__EXERCISE INSTRUCTIONS__
Exactly as written, restate the material below from its first line through the line containing "Mercedes-Benz E-Class E300 AMG Line", and stop there.

__DATA RECORDS__

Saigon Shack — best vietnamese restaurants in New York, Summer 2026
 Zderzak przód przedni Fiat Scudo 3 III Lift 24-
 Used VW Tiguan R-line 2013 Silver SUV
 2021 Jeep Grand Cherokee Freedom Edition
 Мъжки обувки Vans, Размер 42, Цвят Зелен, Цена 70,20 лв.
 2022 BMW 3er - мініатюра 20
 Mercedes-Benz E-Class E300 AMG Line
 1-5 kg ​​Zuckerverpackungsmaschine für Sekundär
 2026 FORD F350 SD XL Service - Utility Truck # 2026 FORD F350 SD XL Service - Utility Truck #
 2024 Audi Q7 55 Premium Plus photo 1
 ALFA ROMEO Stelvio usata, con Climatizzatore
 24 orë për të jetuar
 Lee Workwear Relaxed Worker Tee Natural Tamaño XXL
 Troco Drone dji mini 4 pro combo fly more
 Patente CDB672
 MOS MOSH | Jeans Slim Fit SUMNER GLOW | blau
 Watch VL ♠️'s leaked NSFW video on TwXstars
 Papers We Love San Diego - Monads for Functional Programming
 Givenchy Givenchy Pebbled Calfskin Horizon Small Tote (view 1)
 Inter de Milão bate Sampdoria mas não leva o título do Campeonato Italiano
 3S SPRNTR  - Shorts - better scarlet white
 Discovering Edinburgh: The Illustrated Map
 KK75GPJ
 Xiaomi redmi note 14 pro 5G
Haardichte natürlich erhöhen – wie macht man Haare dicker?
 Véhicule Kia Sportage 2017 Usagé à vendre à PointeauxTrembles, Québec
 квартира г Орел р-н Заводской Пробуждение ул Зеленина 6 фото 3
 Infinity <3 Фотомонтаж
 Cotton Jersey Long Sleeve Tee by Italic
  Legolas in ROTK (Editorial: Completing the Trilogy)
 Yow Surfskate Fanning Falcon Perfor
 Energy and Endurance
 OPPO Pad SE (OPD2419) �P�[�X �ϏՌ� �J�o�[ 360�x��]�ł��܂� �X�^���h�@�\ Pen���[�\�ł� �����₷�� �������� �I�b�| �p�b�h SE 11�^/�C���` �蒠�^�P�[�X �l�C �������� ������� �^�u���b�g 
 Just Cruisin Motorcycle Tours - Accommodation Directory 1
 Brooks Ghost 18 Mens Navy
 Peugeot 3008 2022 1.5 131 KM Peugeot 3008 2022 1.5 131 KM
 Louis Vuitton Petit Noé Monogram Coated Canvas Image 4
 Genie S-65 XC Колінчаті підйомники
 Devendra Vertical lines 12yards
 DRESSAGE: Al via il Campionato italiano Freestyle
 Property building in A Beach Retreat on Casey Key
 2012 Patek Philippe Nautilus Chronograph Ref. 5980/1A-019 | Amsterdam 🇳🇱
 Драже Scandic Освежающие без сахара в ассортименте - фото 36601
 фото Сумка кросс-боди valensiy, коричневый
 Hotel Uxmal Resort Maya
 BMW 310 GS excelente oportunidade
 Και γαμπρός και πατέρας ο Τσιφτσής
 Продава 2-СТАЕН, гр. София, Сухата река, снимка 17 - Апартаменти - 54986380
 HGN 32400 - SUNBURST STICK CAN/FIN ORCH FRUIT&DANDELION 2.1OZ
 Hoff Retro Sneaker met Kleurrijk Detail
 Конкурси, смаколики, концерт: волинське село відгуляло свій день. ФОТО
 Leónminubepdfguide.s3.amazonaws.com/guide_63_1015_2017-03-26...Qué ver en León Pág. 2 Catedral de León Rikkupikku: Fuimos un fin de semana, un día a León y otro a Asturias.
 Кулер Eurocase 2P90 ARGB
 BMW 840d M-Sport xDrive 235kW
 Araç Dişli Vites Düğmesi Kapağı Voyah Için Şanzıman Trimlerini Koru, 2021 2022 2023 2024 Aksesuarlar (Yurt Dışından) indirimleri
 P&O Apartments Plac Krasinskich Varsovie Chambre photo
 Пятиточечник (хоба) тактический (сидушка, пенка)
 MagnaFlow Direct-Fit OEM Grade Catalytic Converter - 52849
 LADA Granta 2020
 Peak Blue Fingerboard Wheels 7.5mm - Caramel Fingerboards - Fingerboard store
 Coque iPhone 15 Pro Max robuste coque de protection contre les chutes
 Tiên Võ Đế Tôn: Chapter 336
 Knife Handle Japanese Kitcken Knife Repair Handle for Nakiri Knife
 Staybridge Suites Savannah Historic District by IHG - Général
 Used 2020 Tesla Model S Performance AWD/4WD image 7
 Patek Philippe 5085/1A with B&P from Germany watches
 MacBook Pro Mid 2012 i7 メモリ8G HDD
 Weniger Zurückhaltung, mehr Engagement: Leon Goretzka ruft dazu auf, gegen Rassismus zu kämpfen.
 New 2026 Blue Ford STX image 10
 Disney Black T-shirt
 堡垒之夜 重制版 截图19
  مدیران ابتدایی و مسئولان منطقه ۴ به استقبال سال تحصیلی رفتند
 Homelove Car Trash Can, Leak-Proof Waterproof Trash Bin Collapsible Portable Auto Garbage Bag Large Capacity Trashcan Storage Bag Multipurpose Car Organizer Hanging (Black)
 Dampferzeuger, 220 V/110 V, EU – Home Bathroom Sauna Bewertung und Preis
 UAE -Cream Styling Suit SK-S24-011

__SOLUTION TO THE PROBLEM__
Saigon Shack — best vietnamese restaurants in New York, Summer 2026
 Zderzak przód przedni Fiat Scudo 3 III Lift 24-
 Used VW Tiguan R-line 2013 Silver SUV
 2021 Jeep Grand Cherokee Freedom Edition
 Мъжки обувки Vans, Размер 42, Цвят Зелен, Цена 70,20 лв.
 2022 BMW 3er - мініатюра 20
 Mercedes-Benz E-Class E300 AMG Line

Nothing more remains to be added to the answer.